I got a T-mobile phone line, and gratifyingly, the topup and help line is available in English (you just press "7" at the main menu). However, a clueless user would have no idea how to switch the language. So it's a kind of Catch-22, unless someone clues you in.

My prepaid mobile line costs €0.45 a minute to dial out from 8-3 and €0.20 a minute outside of those hours, and €0.09 per SMS. Boo hoo. I get 50 free SMSes with each €10 topup, though. I wonder how long my €19.50 credit will last - it'll probably run out before 30/06/2006, when it expires anyway. I actually had €9.50 credit on my account, but I'd accidentally bought a €10 topup slip before buying the SIM card itself.


In my house, we have a French, a German, a Spanish and a Portugese. To make a bad sitcom, we'd need a Malaysian in addition to me. Fortunately, or otherwise, the 6th housemate (a 7th is coming sometime later) is a Korean.

I saw a shop selling 'American Fried Chicken'. Then beside that sign was one saying 'Exotische kipspecialteiten' (Exotic Chicken Specialities [?]). I hope they didn't mean the American Fried Chicken.

I need to come up with a rule of thumb for whether something is expensive or cheap. Tentatively, I've decided to rate something as cheap if, when multiplying the Euro price by 2, it is cheaper than in Singapore. So a chilled can of Coke from Spar, the supermarket near my housing area (where, despite what my house mate says, most stuff is generally cheaper than in the city), is cheap at €0.45, and a 6-pack is very cheap at €1.89 €2.49 (the previous price is for First Cola). I also gotta get a BJ, preferably a flavour unavailable in Singapore, when I next walk by the scoop shop. [Someone: "expensive is when you look at the price and without converting to S$ your brain goes "WTH" and you walk away quickly."]

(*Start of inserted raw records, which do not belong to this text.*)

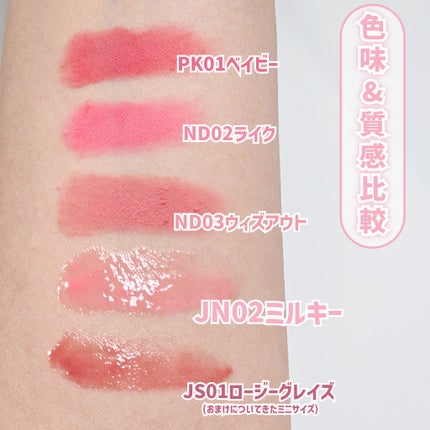 リップアンドチーク ブラーリープリンポット/fwee/口紅を使ったクチコミ(8枚目)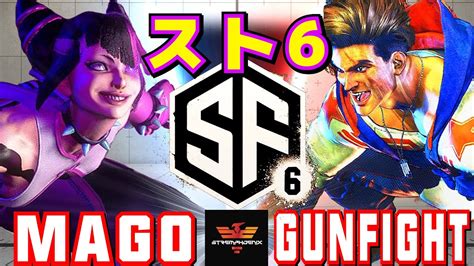 スト6 マゴ [ジュリ] Vs ガンファイト [ルーク] Mago [juri] Vs Gunfight [luke] Sf6 Youtube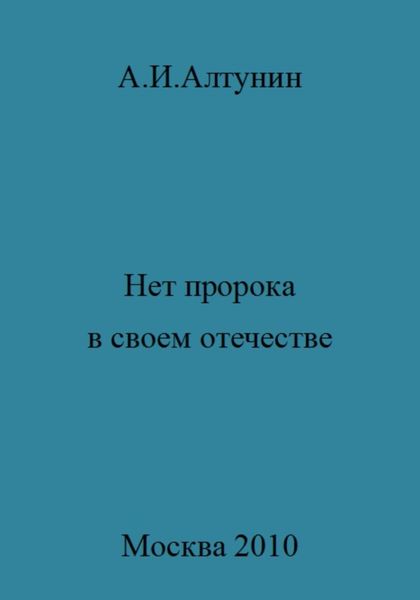 Обложка книги  «Нет пророка в своем отечестве»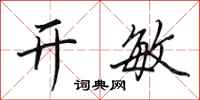 田英章开敏行书怎么写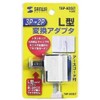 Sanwa Supply TAP-AD3LT 3-Prong to 2-Prong Adapter with Tracking Prevention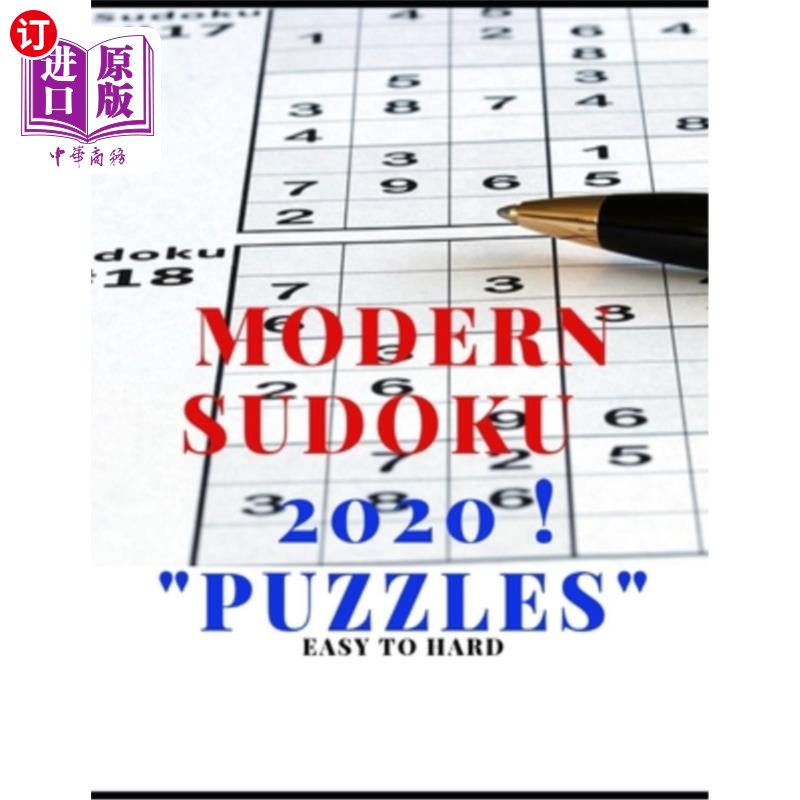 海外直订MODERN SUDOKU 2020 ! "Puzzles": 1,000+ Easy to Hard Puzzles 现代数独2020!“拼图”:1000多个容易到难的拼图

Spar, the supermarket near my housing, is situated right smack in the midst of the University. It also sells condoms, but it seems only 12-packs are available. Students here must be really active. I also saw a copy of Penthouse, but it looked really well thumbed.

I got zapped by the metal frame of a chair. Through my coat, which was placed over the frame. Gah.

The Asian food shop here sells hell money.

I think I've exhausted all the major variations on patat frites (french fries). So far I've had them with mayonnaise (thicker than normal mayonnaise), curry (sweet and thick, like the German curry in currywurst), pindasaus/satesaus (so-called satay sauce which is really a peanut sauce with a hint of satay sauce flavour), ketchup (more astringent than normal ketchup) and with chopped raw onions (and mayonnaise and curry). All that's left are things like Piccadilly Piccalilly (no idea what that is) and knoflook (garlic), which aren't found everywhere.


Quotes:

[On the lecturer] Or make an appointment. It is fine with him. He has all the time in the world.

[On the price of books rising and food falling for the second college-going daughter in a family] So she would gain weight and learn less, but she would have the same amount of utility as the first daughter.

The other good thing about the assignment, at least from my point of view, is that there is finally an awareness in this institution that students should have to look for their own data... 'Data frustration'. Or at least that's what I call it... Trying to find your own data.

He has succeeded in explaining something that would usually require a lot of mathematics... I am quite glad that I do not have to explain it to you, because I would be unable to.

***. You should be able to do it. [Student: I didn't do my homework.] No, but you did the Macroeconomics exam so you should be able to do it. Most people didn't do their homework.